Thoughts? Empirical evidence?

Thanks.

RMG


----------



## DeadFishFloating (Oct 9, 2007)

G'day *RMG*,

It depends on which cichlids you want to keep. Most South American cichlids come from soft, acidic water systems. Many SA cichlid keepers would love to have that water supply.

Many African cichlids come from hard water with higher PH values. If you have soft water, there are african rift lake cichlid buffers out there, and recipes for make your own in the C-F library section.


----------



## RMG (Apr 14, 2009)

Thanks DeadFishFloating

My 90 gallon tank is essentially established and stocked with the likes of Placi. electra; Pseudo sp.and saulosi; and Labido caeruleas, among others.

Do you know of a method to increase the hardness of the water? Do you think these types of Africans can survive and thrive in soft water?

RMG


----------



## jjleetest (Mar 12, 2009)

i have the same issue, good ph/soft water...instead of making a new thread i'll comment on this one, not hijacking since it's the same issue. any remedies to increase hardness in water without chemicals that'd have to be replaced every water change?


----------



## edouthirt (Jan 22, 2008)

Using crushed coral as a substrate will help buffer the ph but there is a lot of variability in how much it will help.

I personally feel that you will be better off using a homemade buffer recipe using baking soda and epsom salt (and even non-iodized table salt if you wish). This way you can measure out exactly how much you will need to get the desired water parameters versus just hoping that the crushed coral will do the trick. I do this and am very happy with the results... others will say that it is unnecssary...
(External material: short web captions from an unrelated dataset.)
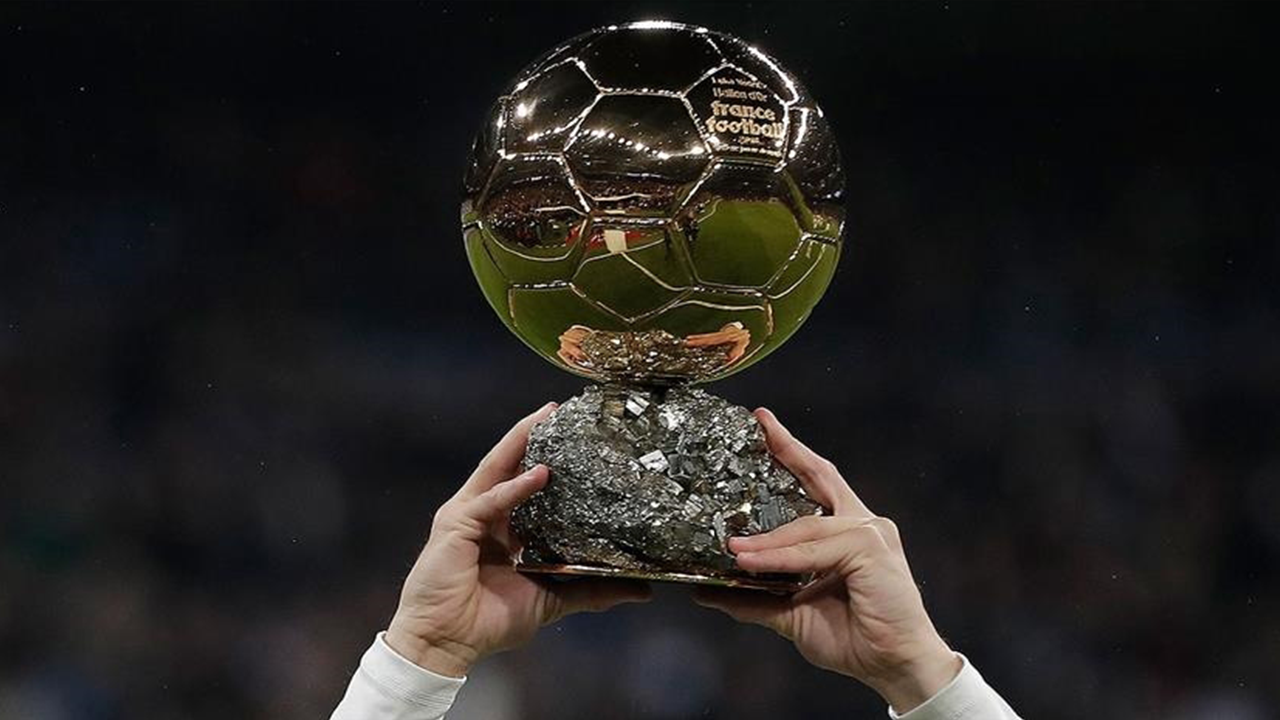 Zlatan Ibrahimovic'ten Messi ve Ronaldo'ya gönderme: 'Ballon d'Or siyasi bir ödül!'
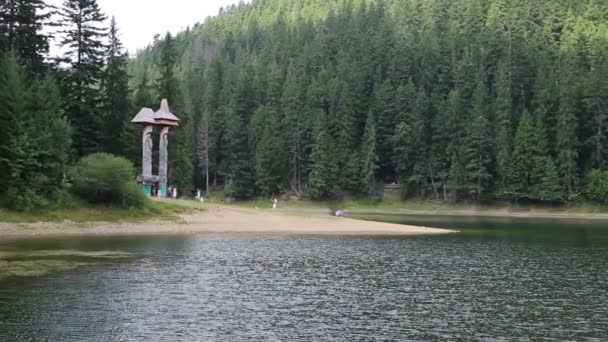 Lago Synevyr nelle montagne dei Carpazi — Video Stock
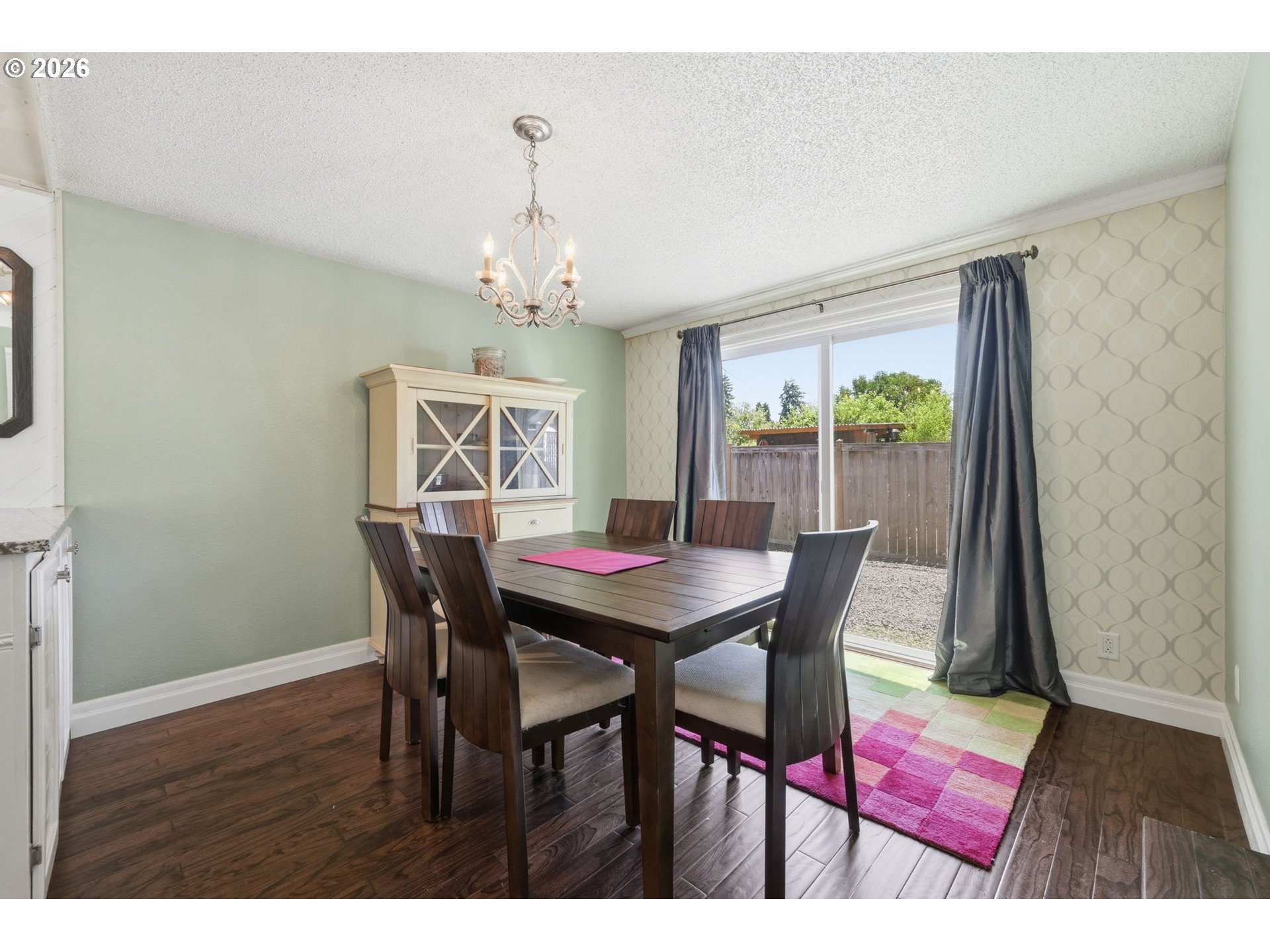 2501 Stratford St Property Photo 16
The bottom line is that generally your ph will be directly correlated with your kh reading. And the bigger issue is pH stability. I would argue that Africans will do just as fine in a pH of 7.0 as they would in a pH of 8.0 (which is in the often suggested range) as long as the pH does not shift all that much. Before I used a buffer I had a kh reading of about 5 and my pH would shift from 7.8 to 8.2 in a 12 hour period. I use baking soda to get my kh up to about 11-13 and now my pH is a consistent 8.3. Since I started adding baking soda anyway I figured "why not add some epsom salt to raise gh and see what that does?" So I did... gH is now about 11-13 as well and I add about a teaspoon of salt per 5 gallons of water as well. In my opinion, the buffer really has made a significant difference. My fish are all extremely healthy and colors seem much more vibrant!


----------



## jjleetest (Mar 12, 2009)

so you use 1 tspn of epsom salt per 5 gallons

how much baking soda per x gallons?

what about during and after water changes?


----------



## Toby_H (Apr 15, 2005)

Having stable parameters is generally more important than having specific numbers...

I would imagine softening water, then immediately using a buffer to 'harden' it... would result in unstable parameters...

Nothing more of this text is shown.